## Exercise
Return the lines of the data below, from the one containing "water to 99728894" through the very last, exactly and with both ends included; no pictures.

(Web page caption snippets)
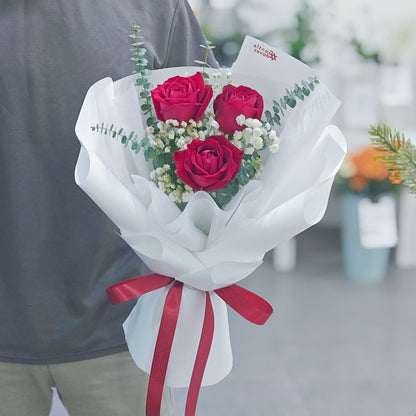 Three Red Roses with Gypsophila and Eucalyptus in White Paper Bouquet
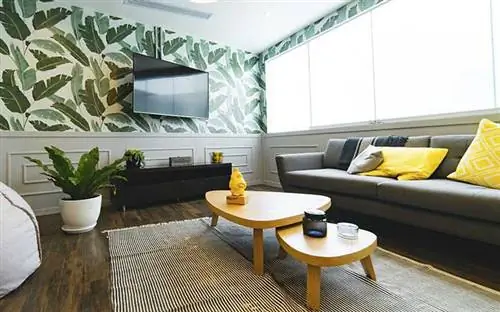 Гостиная с деревянными полами, ковровым покрытием, журнальным столиком, обоями с растениями, растениями в горшках и телевизором с плоским экраном над консолью.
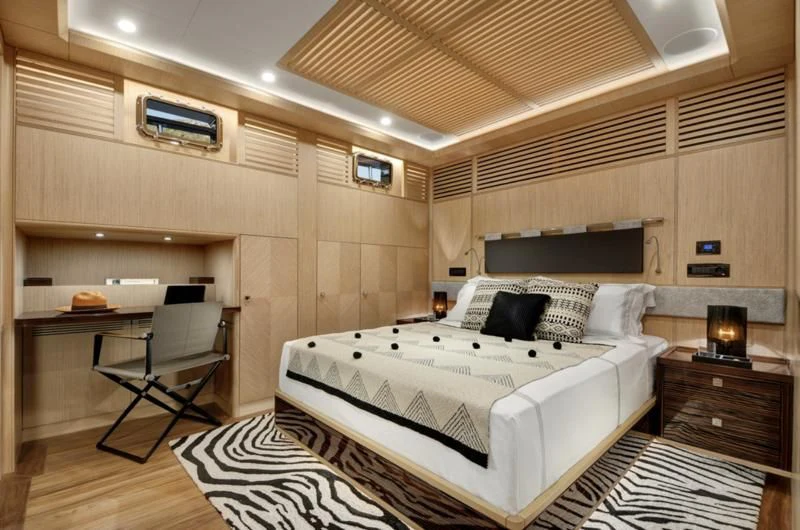 a room with a bed and desk aboard THAT'S AMORE Yacht for Sale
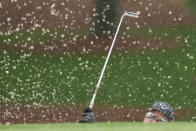 Phil Mickelson watches his shot from the bunker on the seventh hole during the weather delayed third round of the Masters golf tournament at Augusta National Golf Club on Saturday, April 8, 2023, in Augusta, Ga. (AP Photo/David J. Phillip)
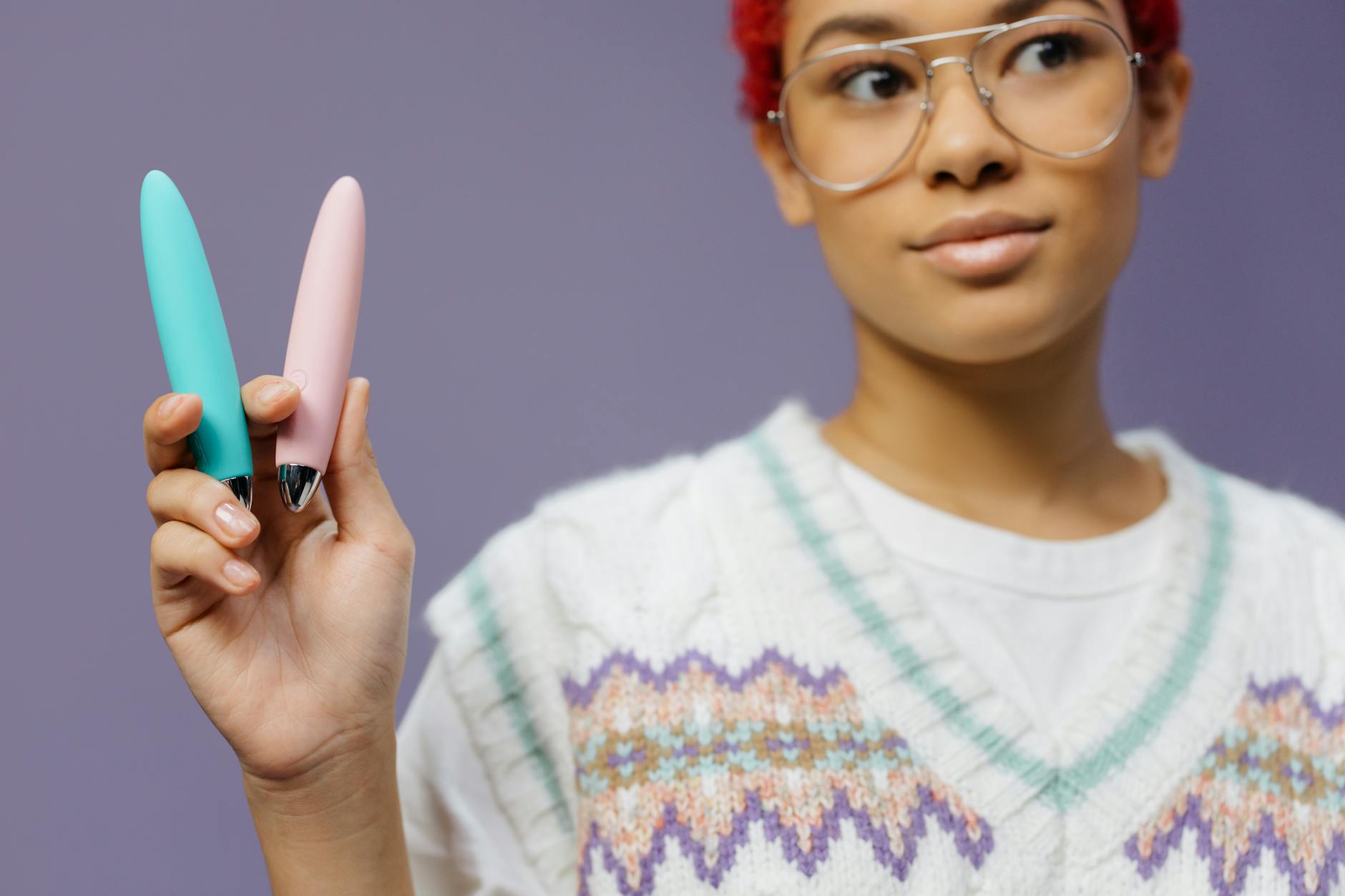 A woman holds a vibrant clitoral vibrator against a purple background, representing self-advocacy and pleasure in partnership.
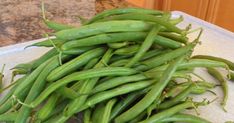 some green beans are on a cutting board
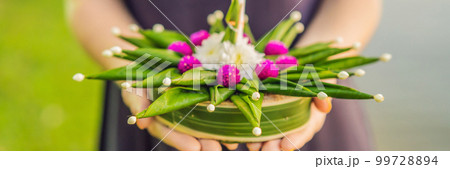 BANNER, LONG FORMAT A female tourist holds the Loy Krathong in her hands and is about to launch it into the water. Loy Krathong festival, People buy flowers and candle to light and float on water to BANNER, LONG FORMAT A female tourist holds the Loy Krathong in her hands and is about to launch it into the water. Loy Krathong festival, People buy flowers and candle to light and float on water to 99728894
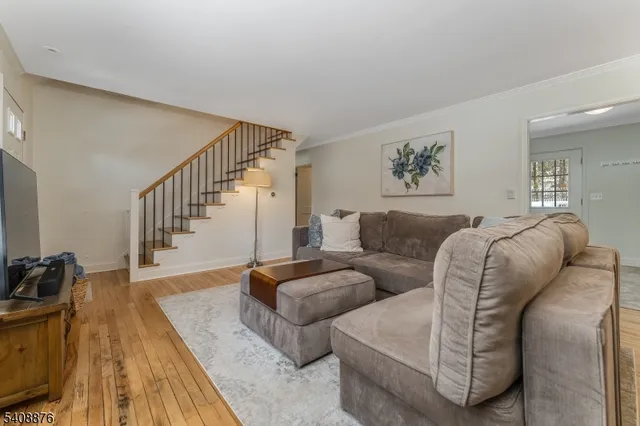 a living room with a bed and wooden floor
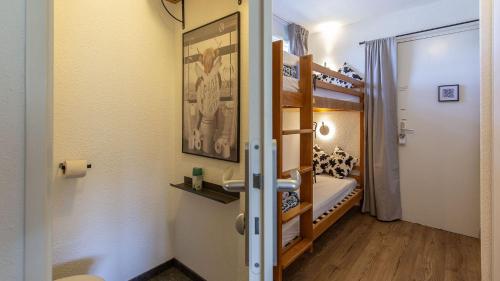 a room with two bunk beds and a bathroom at Balcons du soleil II A N 53 - ST4 in Germ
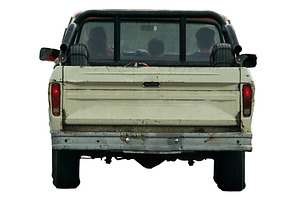 isolated image of pickup truck with three passengers seated insi, a Transportation Photo by DanFLCreativo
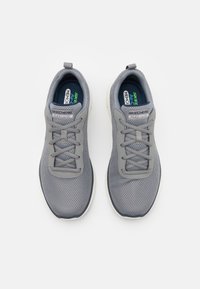 Gray mesh athletic shoes with a fabric upper, padded collar, lace-up front, and contrasting sole. Features 'Skechers Flex-Lite' branding.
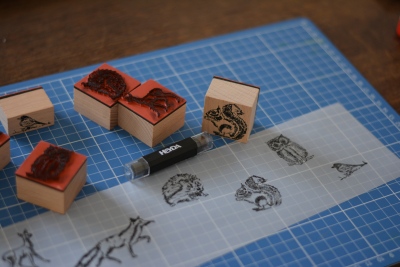 Auf einer Schneidematte liegen mehrere Stempel mit herbtlichen Motiven. Diese sind auf ein Transparentpapier gestempelt.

## Exercise output
 BANNER, LONG FORMAT A female tourist holds the Loy Krathong in her hands and is about to launch it into the water. Loy Krathong festival, People buy flowers and candle to light and float on water to BANNER, LONG FORMAT A female tourist holds the Loy Krathong in her hands and is about to launch it into the water. Loy Krathong festival, People buy flowers and candle to light and float on water to 99728894
 a living room with a bed and wooden floor
 a room with two bunk beds and a bathroom at Balcons du soleil II A N 53 - ST4 in Germ
 isolated image of pickup truck with three passengers seated insi, a Transportation Photo by DanFLCreativo
 Gray mesh athletic shoes with a fabric upper, padded collar, lace-up front, and contrasting sole. Features 'Skechers Flex-Lite' branding.
 Auf einer Schneidematte liegen mehrere Stempel mit herbtlichen Motiven. Diese sind auf ein Transparentpapier gestempelt.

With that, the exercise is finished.